As Puerto Rico Seeks to Slash Debt, Local Bondholders Await HitBy
Island residents own at least $6 billion of government’s debt
Bondholders wait for new governor to chart course from crisis
There’s the hedge funds seeking to wrest what they’re owed from Puerto Rico, and then there’s thousands of local bondholders like Mercedes Pont.
Pont, 60, invested her savings in the island’s bonds, trusting they’d never default, and has counted on the income since she left her job in 2011 to care for her sick mother. But with the U.S. territory skipping payments on a growing share of its debt, her livelihood has been cast into doubt.
“I don’t know if I’ll ever even get the full payment,” she said in a telephone interview from San Juan. “I thought they were safe.”
Pont’s case highlights the balancing act facing Governor Ricardo Rossello as he begins talks with creditors in a bid to reduce the territory’s $70 billion debt. The prospect of billions of dollars of losses -- on debt that buyers were assured couldn’t even be written off in bankruptcy -- has set off a lobbying push by groups including Bonistas del Patio ("Backyard Bondholders" in English), which is trying to shelter Puerto Ricans from deep investment losses they say would deal another blow to the island’s already shrinking economy.
"We are the ones at the end of the day who are going to create the jobs to get out of this recession," said Rafael Rojo, a home builder and board president of Bonistas del Patio, which has about 60,000 members. "We are telling them not to underestimate the psychological impact on local businessmen who have put their life savings in government bonds."
Puerto Ricans were big lenders to their government, which borrowed year after year to pay bills as officials sought to avert deep spending cuts. While speculative investment funds became major bondholders as the government’s credit rating was dropped to junk, at least $6 billion was still held by island residents as of last year, according to one government estimate. That’s injected a local political wrinkle into already complex negotiations as Puerto Rico deals with holders of more than a dozen classes of debt backed by various revenue streams and legal protections.
The scale of the crisis -- and the threat of protracted court fights among creditors -- led the U.S. last year to install a federal oversight board with broad powers to review Puerto Rico’s budget and any debt-cutting deal. While former Governor Alejandro Garcia Padilla proposed a restructuring that would keep some interest payments flowing to island residents, it’s unclear if Rossello will follow a similar approach.
Favor Locals, Or Not?
“Right now we’re not trying to discriminate in terms of the negotiations between different groups," said Elias Sanchez, the governor’s representative to the oversight board, in a telephone interview. He said the administration is in the process of reviewing proposals submitted by various creditor groups, including Bonistas del Patio, as it works on a fiscal plan to be submitted to the control board by the end of this month.

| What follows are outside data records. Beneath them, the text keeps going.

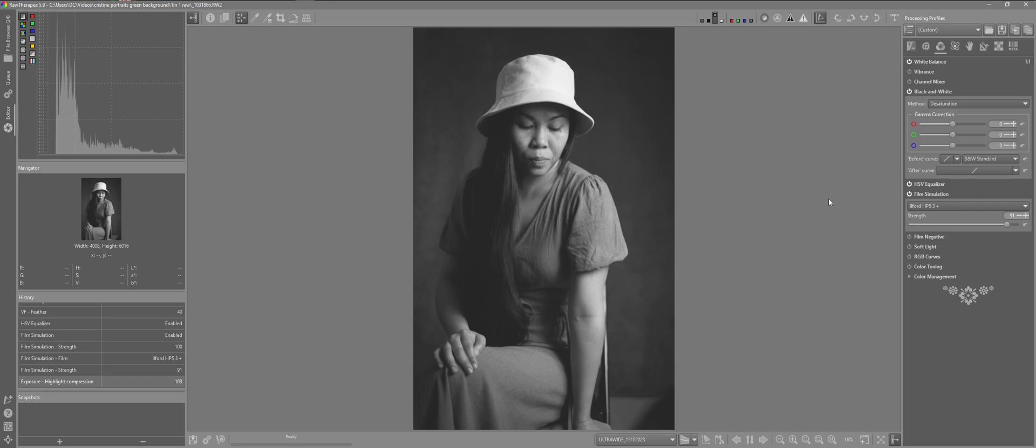So we have several different methods converting our color images to black and white in raw therapy.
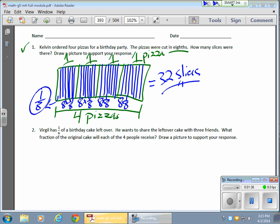Or you could say to yourself, hey, wait a minute. So I have this full whole, and I'm dividing it by an eighth. So how many eighths are there? How many eighths are there in one whole? Well, how many eighths are there in four?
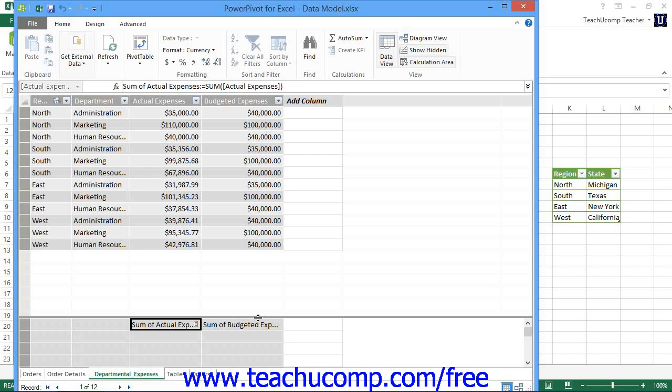Therefore, you must have three elements before creating a KPI within a data model. First, you must have a base value. The base value is an explicit calculated field that is to be evaluated. Often, this is a simple aggregate function over a field that is explicitly defined within the calculation area of the data model for the sole purpose of establishing a base value within a KPI.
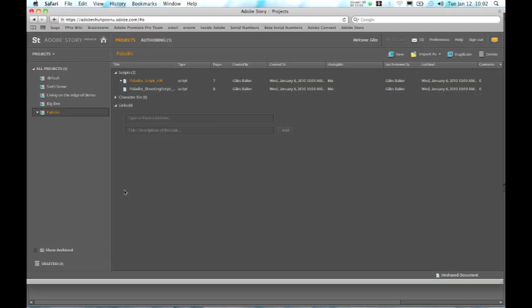OK, so we're going to take a look at the pre-production and production workflows that we've enabled in Premiere Pro CS5 to make you more effective in your pre-production and script development and also on set while you're recording your content.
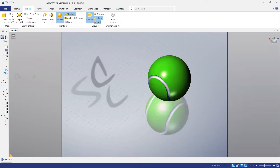Welcome to our YouTube channel CAT tutorial. I am Muhammad Adeem Asher and in this video we will learn how to make a tennis ball by using the split line command and revolve command.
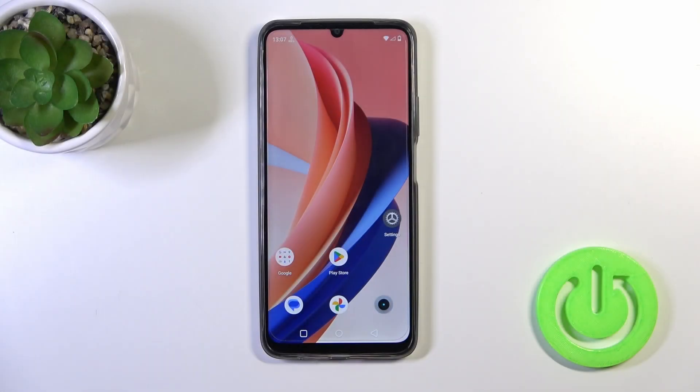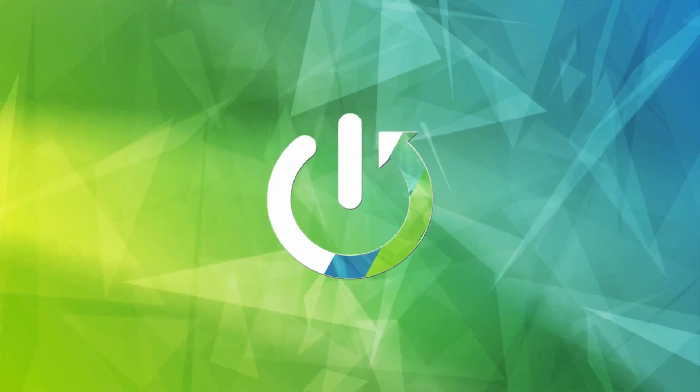Hi, this is the Realme Nero ZN53 and I'll show you how to change the lock screen wallpaper on this device.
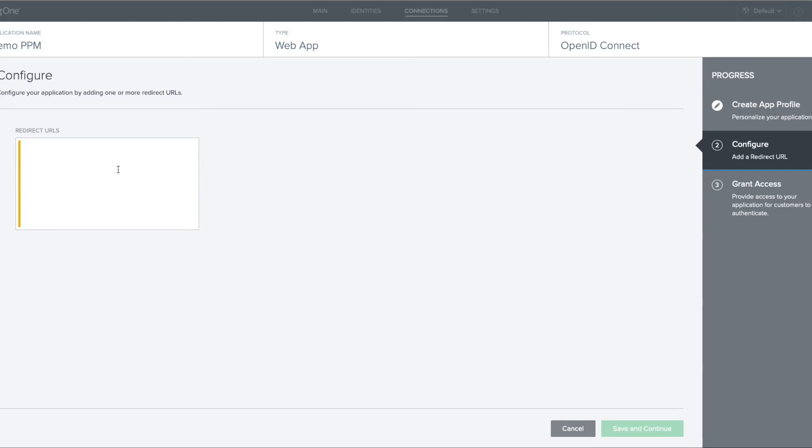The next piece of configuration we need to perform are the redirect URLs. The redirect URLs are the URL of the Clarity PPM service, so in this example, ppmsql.pemari.com with a number of suffixes added.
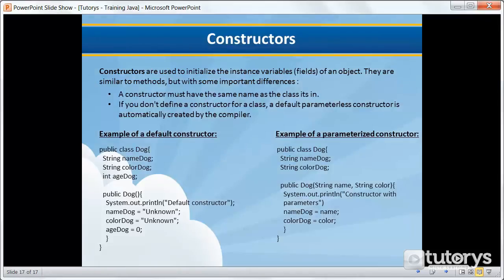In this tutorial we're going to be seeing how to use a constructor with parameters, as opposed to a default constructor that we saw in the previous video. Just to remind you, constructors are used to initialize the instance variables of an object. In the previous video we saw what a default constructor was — a constructor with no parameters. Now we're going to be looking at the parameterized constructor, or constructor with parameters.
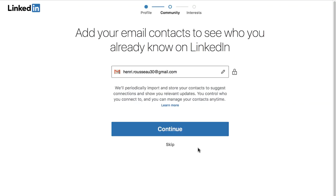You can also choose to sync the contacts list from your email account at this time. This will make it easier to find people you already know on LinkedIn, so we recommend you do this eventually. However, if you don't want to do it right now, you can just skip it.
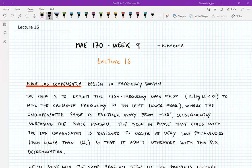Welcome back everyone to MAE 170. This is lecture 16 in week number nine. Last time we saw the design of a phase lead compensator in the frequency domain. Now we're going to do the same — solve the same problem that we saw last time — but using a phase lag compensator.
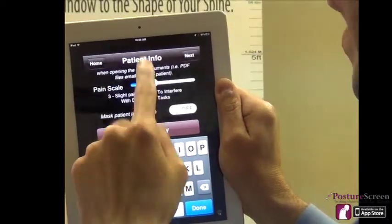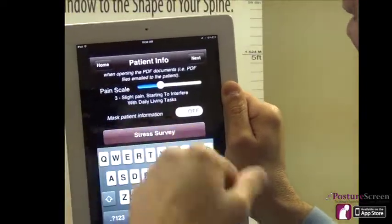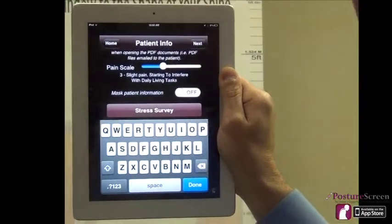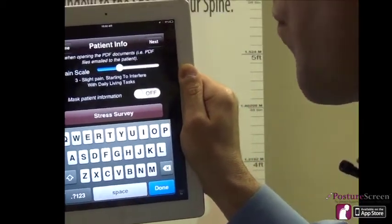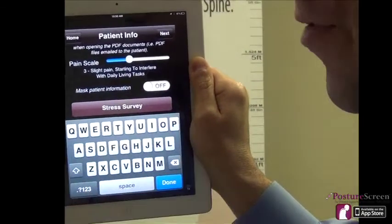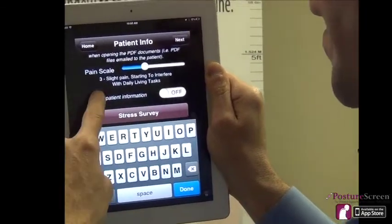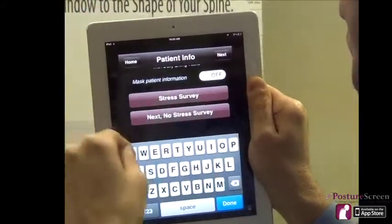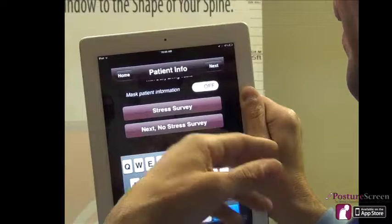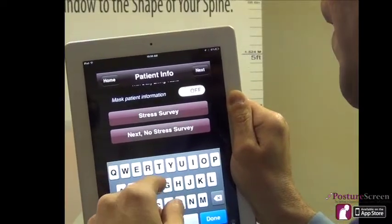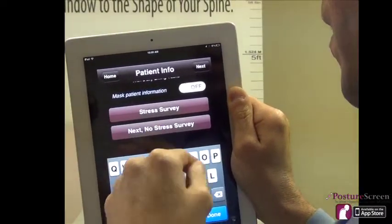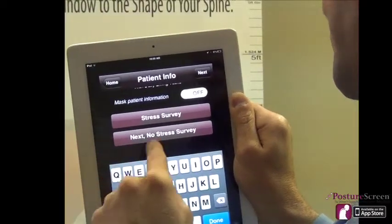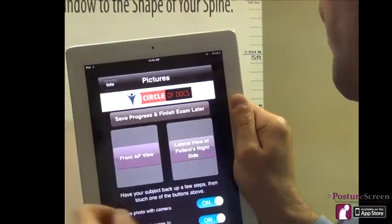We can also do their pain scale — the toggle for the pain scale is optional. Some doctors don't want to record pain, so we can now hide that from the report and it won't gather any information on the pain scale. We can also still mask the information if we're projecting, and we can do the stress survey, but I'm going to go ahead and say no stress survey for now.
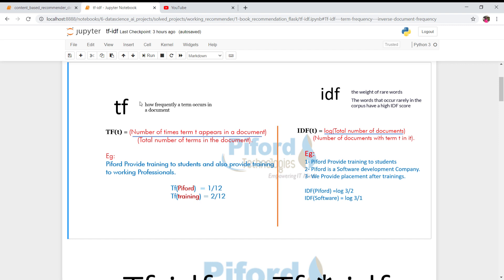The formula for IDF is: log of (total number of documents divided by number of documents containing that particular word). Total number of documents means total rows in your dataset. For example, with three sentences: 'Pipet provide training to student', 'Pipet is a software development company', and 'We provide planning and placement after training' — total documents = 3.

Puerto Rico has sheltered local bondholders from some of the fallout by continuing to make payments due on sales-tax bonds, known as Cofinas. Locals hold at least $2.6 billion of that debt, more than any other type of security, according a report released by the government in October. Bonistas del Patio says the government’s figures are too low, estimating that local holdings are more than twice as large.
Their stake in the sales-tax debt has aligned local bondholders’ interests with investment firms that also own the securities and have been lobbying to keep the government from diverting the revenue elsewhere. In October, Bonistas del Patio held a meeting for bondholder groups at the Harvard Club in New York, and it has continued to hold discussions with other creditors.
Bondholders are currently waiting for Rossello’s plan, though there’s little doubt that they’ll wind up with less than they’re owed. The federal control board has estimated that Puerto Rico could cover just $800 million, or 21 percent, of its debt service in fiscal year 2019 even if it took steps to raise taxes and cut spending.
Even so, Pont, the local investor, said there’s renewed hope on the island that Rossello’s administration will reach a solution. She has been relying on the income she receives from the sales-tax bonds since the government stopped making payments due on other securities she holds.
“I try not to think about the future or things I cannot control,” she said. “I will make due with whatever happens.”